Problem details: Give the data below again exactly, and drop each picture from it.

Given records:

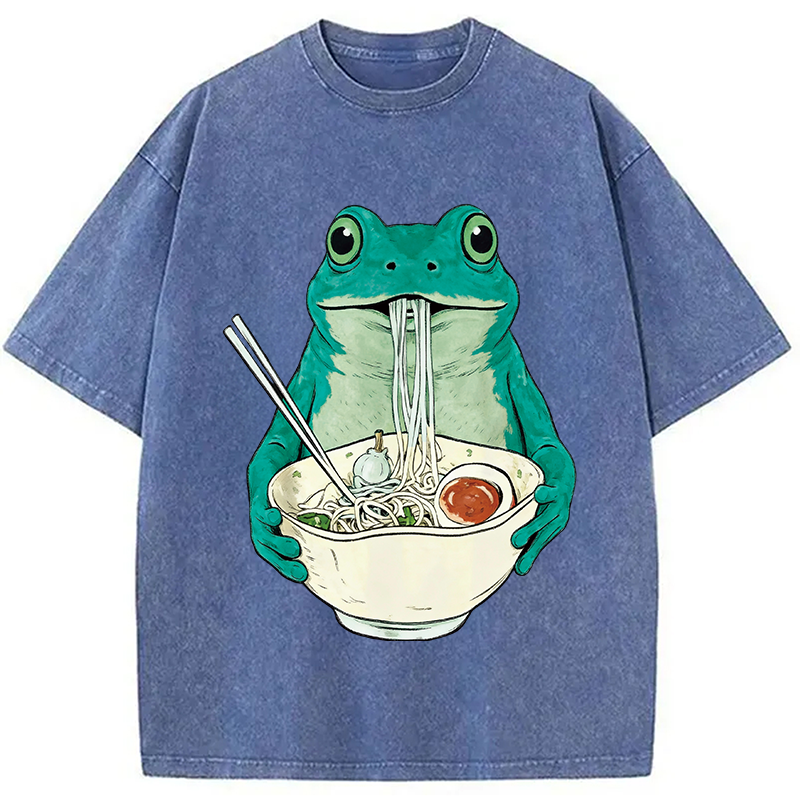 Tokyocanvas Vintage Frog Ramen Japanes Washed T-Shirt
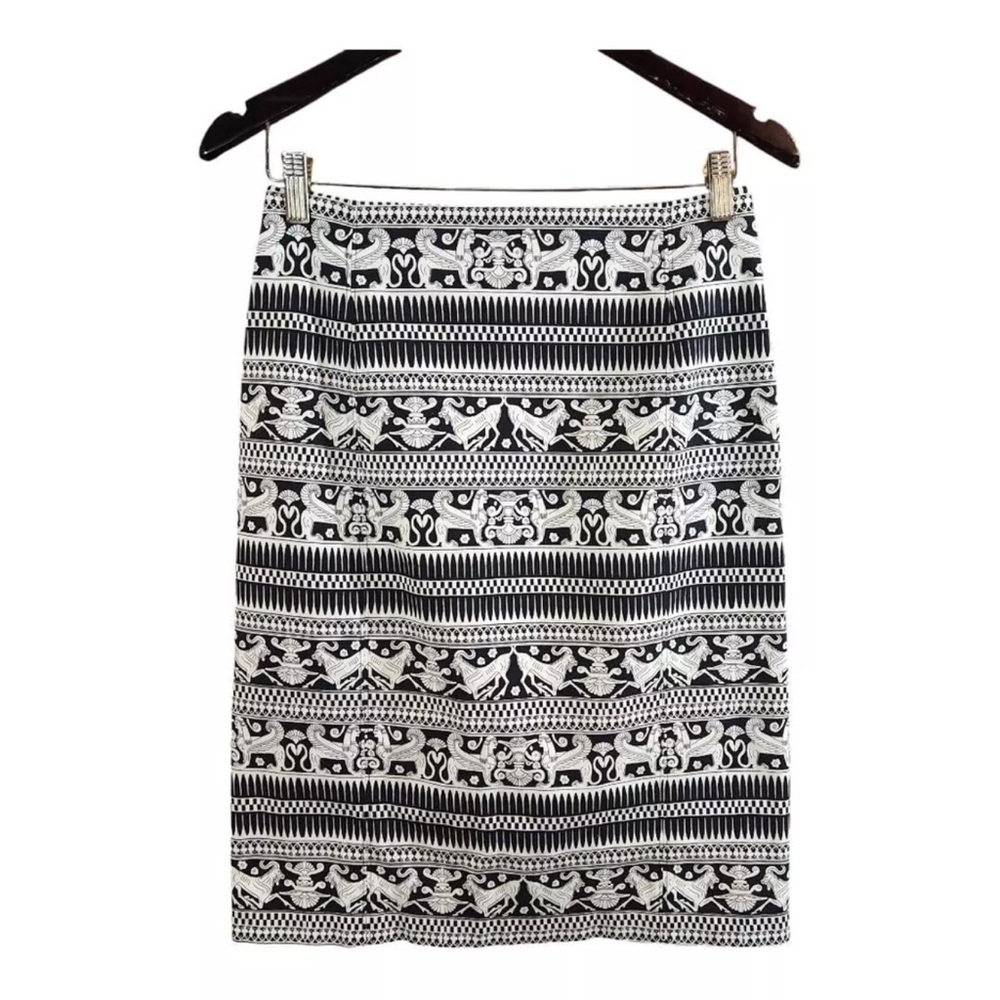 Kate Spade Black and White Egyptian Print Pencil Skirt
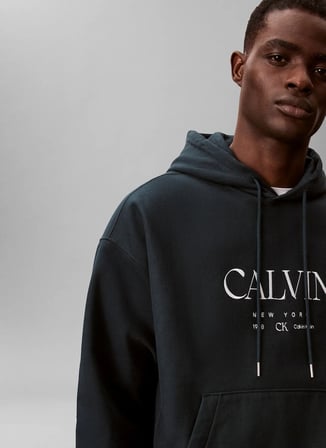 Calvin Klein Siyah Erkek Logo Baskılı Sweatshirt LV04RE207GQQ5_LS PREMIUM FLEECE CAL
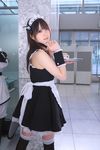 cosplay highres katou_mari maid maid_apron maid_uniform photo serving_tray thigh-highs thighhighs tray 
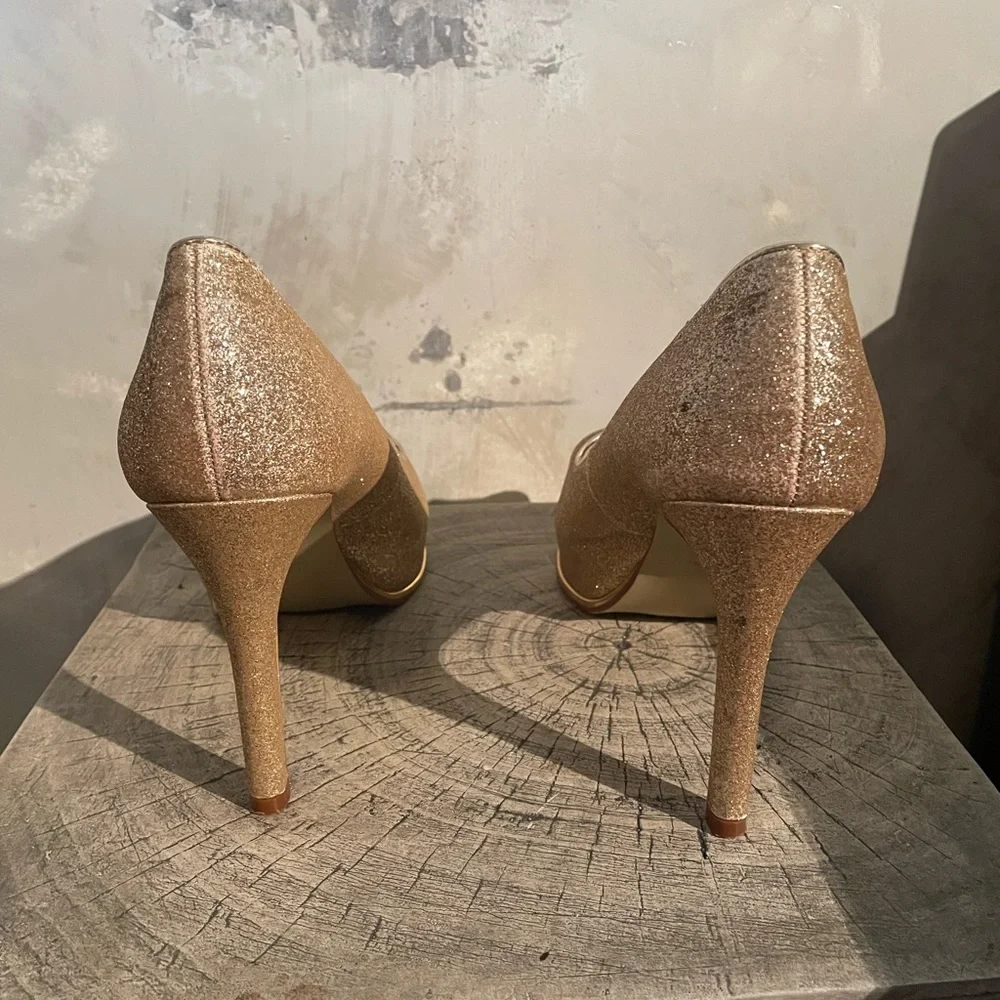 Nine West Glittering Gold Peep-Toe Heels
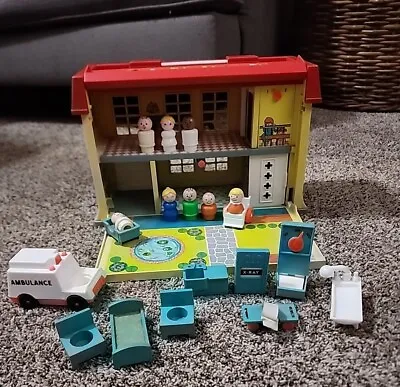 Vintage Fisher Price Little People 931 CHILDRENS HOSPITAL W/Accessories & People • $149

Task response:
 Tokyocanvas Vintage Frog Ramen Japanes Washed T-Shirt
 Kate Spade Black and White Egyptian Print Pencil Skirt
 Calvin Klein Siyah Erkek Logo Baskılı Sweatshirt LV04RE207GQQ5_LS PREMIUM FLEECE CAL
 cosplay highres katou_mari maid maid_apron maid_uniform photo serving_tray thigh-highs thighhighs tray 
 Nine West Glittering Gold Peep-Toe Heels
 Vintage Fisher Price Little People 931 CHILDRENS HOSPITAL W/Accessories & People • $149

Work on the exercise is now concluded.